Ledger has no idea how much his actions tonight
have broken the last few pieces of me.
Ivy has no idea how much her words from almost
five years ago are still somehow saving me.
Maybe that’s what I’ll name the kitten. Ivy.
Love,
Kenna


CHAPTER FOURTEEN
LEDGER
I’ve received three calls from Patrick on my drive back to the house, but I
haven’t answered any of them because I’m too angry at Kenna to have a
conversation about her over the phone. I was hoping the Landrys didn’t
hear her beating on their door, but it’s obvious they did.
Patrick is waiting in my yard when I pull back into my driveway. He’s
talking before I even get out of the truck.
“What does she want?” he asks. “Grace is a mess. Do you think she’s
going to try to fight the termination? The lawyer said it would be
impossible.” He’s still spitting questions at me as he follows me into the
kitchen.
I toss my keys on the table. “I don’t know, Patrick.”

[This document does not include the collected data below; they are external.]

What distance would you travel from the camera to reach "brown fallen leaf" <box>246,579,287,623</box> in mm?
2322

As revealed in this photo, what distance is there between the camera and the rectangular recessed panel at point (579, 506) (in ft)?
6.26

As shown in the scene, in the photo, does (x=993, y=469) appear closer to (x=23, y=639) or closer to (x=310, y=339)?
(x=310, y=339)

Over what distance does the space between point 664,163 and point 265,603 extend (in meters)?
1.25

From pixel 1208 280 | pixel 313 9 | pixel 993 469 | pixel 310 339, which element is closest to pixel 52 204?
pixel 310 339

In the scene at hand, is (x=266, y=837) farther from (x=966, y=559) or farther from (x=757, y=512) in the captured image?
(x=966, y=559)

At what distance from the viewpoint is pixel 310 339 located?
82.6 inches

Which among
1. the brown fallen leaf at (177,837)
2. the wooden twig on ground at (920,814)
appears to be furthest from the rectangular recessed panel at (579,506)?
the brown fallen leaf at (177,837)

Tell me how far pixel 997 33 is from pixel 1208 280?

“Should we get a restraining order?”
“I don’t think you have grounds to do that. She hasn’t threatened
anyone.”
He paces the kitchen, and I watch as he seems to grow smaller and
smaller. I pour him a glass of water and hand it to him. He downs the whole
thing and then takes a seat on one of the barstools. He drops his head into
his hands. “The last thing Diem needs is for that woman to be in and out of
her life. After what she did to Scotty . . . we can’t . . .”

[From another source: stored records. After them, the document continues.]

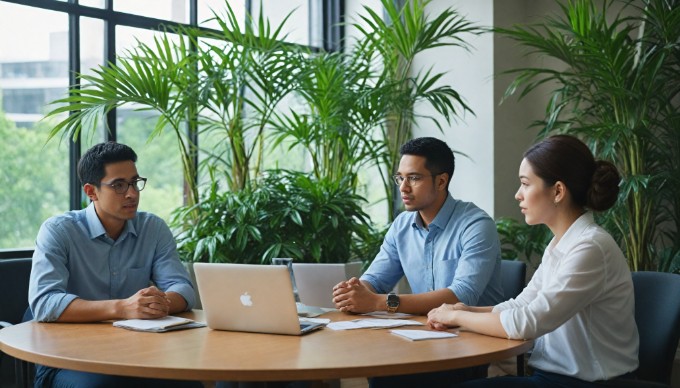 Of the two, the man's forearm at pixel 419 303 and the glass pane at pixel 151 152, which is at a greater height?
the glass pane at pixel 151 152

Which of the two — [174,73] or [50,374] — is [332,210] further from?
[50,374]

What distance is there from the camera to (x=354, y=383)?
5.02 metres

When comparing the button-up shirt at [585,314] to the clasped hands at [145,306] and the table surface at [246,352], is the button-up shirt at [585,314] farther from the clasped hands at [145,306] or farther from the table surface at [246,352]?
the clasped hands at [145,306]

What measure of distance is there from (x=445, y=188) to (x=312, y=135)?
183 cm

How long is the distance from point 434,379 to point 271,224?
1682mm

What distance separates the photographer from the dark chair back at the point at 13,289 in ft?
10.3

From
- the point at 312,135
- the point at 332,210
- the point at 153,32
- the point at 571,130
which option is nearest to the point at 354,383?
the point at 332,210

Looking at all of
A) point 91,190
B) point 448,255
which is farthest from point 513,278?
point 91,190

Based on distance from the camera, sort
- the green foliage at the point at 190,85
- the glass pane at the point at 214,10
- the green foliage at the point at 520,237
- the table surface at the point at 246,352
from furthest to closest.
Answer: the glass pane at the point at 214,10 → the green foliage at the point at 520,237 → the green foliage at the point at 190,85 → the table surface at the point at 246,352

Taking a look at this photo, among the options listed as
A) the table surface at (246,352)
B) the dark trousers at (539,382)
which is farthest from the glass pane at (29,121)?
the dark trousers at (539,382)

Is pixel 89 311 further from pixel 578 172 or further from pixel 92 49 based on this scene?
pixel 92 49

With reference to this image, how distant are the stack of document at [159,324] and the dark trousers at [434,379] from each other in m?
0.74

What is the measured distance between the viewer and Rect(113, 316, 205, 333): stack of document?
8.30ft

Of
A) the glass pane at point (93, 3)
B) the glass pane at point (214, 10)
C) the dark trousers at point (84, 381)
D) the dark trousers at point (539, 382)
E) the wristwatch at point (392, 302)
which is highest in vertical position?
the glass pane at point (214, 10) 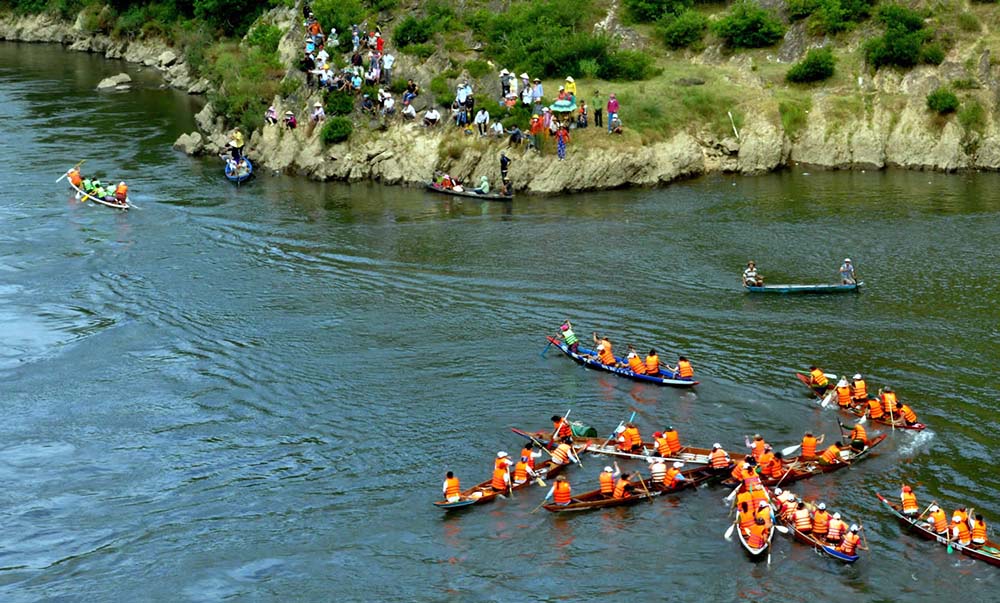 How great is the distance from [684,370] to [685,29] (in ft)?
107

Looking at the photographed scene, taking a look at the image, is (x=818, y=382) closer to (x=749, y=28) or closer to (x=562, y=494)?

“She won’t show up here again,” I say. “She’s too afraid of having the
cops called on her.”
My comment only heightens his worry. “Why? Is she trying to keep
her record clean in case she can take us to court?”
“She lives in a shithole. I doubt she has money to hire an attorney.”

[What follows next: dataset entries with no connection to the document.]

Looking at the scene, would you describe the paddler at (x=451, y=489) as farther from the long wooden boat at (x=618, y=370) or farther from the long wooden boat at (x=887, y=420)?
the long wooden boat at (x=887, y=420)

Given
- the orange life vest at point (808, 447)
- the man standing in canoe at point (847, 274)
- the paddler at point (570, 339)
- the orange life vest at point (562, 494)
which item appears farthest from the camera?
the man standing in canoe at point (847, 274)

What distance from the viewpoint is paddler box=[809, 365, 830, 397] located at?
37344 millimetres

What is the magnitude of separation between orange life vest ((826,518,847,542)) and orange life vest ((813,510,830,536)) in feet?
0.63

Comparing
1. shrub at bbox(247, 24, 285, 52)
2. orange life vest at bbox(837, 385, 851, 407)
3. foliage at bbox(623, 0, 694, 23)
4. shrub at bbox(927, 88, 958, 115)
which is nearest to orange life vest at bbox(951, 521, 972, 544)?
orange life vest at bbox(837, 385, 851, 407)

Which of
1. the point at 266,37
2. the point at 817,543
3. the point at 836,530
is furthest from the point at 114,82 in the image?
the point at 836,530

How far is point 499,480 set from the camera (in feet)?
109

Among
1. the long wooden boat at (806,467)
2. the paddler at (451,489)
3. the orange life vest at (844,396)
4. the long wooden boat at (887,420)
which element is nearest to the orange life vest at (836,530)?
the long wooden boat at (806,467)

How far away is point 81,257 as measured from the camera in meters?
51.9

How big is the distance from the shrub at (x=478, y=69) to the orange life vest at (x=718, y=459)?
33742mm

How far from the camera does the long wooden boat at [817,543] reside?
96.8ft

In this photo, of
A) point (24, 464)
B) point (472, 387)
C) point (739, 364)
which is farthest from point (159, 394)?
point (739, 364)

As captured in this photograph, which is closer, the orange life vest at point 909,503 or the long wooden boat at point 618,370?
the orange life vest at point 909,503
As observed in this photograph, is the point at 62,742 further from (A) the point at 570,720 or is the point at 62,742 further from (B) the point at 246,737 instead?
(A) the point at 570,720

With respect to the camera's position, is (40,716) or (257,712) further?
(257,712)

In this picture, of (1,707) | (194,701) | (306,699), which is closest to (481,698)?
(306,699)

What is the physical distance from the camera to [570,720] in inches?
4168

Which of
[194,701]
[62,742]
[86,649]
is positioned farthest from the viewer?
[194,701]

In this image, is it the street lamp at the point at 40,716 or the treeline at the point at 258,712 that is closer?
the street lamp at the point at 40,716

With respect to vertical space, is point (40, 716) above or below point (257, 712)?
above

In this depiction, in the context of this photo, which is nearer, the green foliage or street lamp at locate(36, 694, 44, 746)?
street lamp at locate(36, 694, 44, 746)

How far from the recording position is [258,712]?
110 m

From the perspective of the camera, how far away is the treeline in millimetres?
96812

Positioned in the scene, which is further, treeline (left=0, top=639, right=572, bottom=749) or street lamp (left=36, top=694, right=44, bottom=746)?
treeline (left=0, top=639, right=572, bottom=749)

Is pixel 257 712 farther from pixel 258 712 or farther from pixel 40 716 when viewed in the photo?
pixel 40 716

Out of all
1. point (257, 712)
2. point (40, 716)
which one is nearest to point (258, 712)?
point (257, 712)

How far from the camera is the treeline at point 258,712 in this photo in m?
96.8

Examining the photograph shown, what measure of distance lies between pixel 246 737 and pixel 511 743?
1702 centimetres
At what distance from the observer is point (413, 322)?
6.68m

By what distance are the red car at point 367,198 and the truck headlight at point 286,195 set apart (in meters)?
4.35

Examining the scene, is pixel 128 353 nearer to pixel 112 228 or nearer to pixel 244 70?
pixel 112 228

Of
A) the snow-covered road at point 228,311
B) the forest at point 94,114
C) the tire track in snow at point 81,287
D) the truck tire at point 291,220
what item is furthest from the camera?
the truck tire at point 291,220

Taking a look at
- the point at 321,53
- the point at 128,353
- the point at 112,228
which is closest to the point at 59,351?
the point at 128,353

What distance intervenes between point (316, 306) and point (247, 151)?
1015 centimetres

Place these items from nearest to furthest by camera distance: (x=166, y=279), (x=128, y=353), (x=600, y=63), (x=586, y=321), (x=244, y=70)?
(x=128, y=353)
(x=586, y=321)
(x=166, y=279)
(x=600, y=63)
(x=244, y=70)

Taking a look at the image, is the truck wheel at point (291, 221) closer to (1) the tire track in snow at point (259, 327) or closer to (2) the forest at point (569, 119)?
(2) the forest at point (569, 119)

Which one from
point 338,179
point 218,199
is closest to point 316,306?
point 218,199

He stands up. “She’s living here?”


I nod. “Paradise Apartments. I don’t know how long she plans to
stay.”
“Shit,” he mutters. “This is going to destroy Grace. I don’t know what
to do.”
I don’t have any advice for him. As involved as I am in her life, I’m
not Diem’s father. I haven’t been the one raising her since she was born.
This isn’t my fight, even though I’ve somehow immersed myself in the
middle of it.
I may not have legal say, but I have opinions. Strong ones. As much as
the entire situation doesn’t have one single positive outcome for all parties
involved, the simple truth is that being a part of Diem’s life is a privilege,
and Kenna lost that privilege the night she decided her freedom was worth
more than Scotty’s life.
Grace isn’t strong enough to face Kenna. Patrick may not be strong
enough, either, but Patrick has always made sure to at least pretend to be as
strong as Grace needs him to be.
He’d never act this distraught in front of Grace. He saves this side of
himself for the moments Scotty’s death gets to be too much. The moments
he needs to escape and cry alone in my backyard.
Sometimes I can see them both start to unravel. It always happens in
February, the month of Scotty’s birthday. But then Diem’s birthday comes
around in May, and it breathes new life back into them.
That’s what Kenna needs to understand. Grace and Patrick are only
alive because of Diem. She’s the thread that keeps them from unraveling.
There’s no room for Kenna in this picture. Some things can be
forgiven, but sometimes an action is so painful the memory of it can still
crush a person ten years down the road. Patrick and Grace get by because
Diem and I help them forget about what happened to Scotty long enough
for them to get through each day. But if Kenna is around, his death will slap
them in the face over and over and over again.
Patrick’s eyes are closed, and his hands are in a point against his chin.
It looks like he’s saying a silent prayer.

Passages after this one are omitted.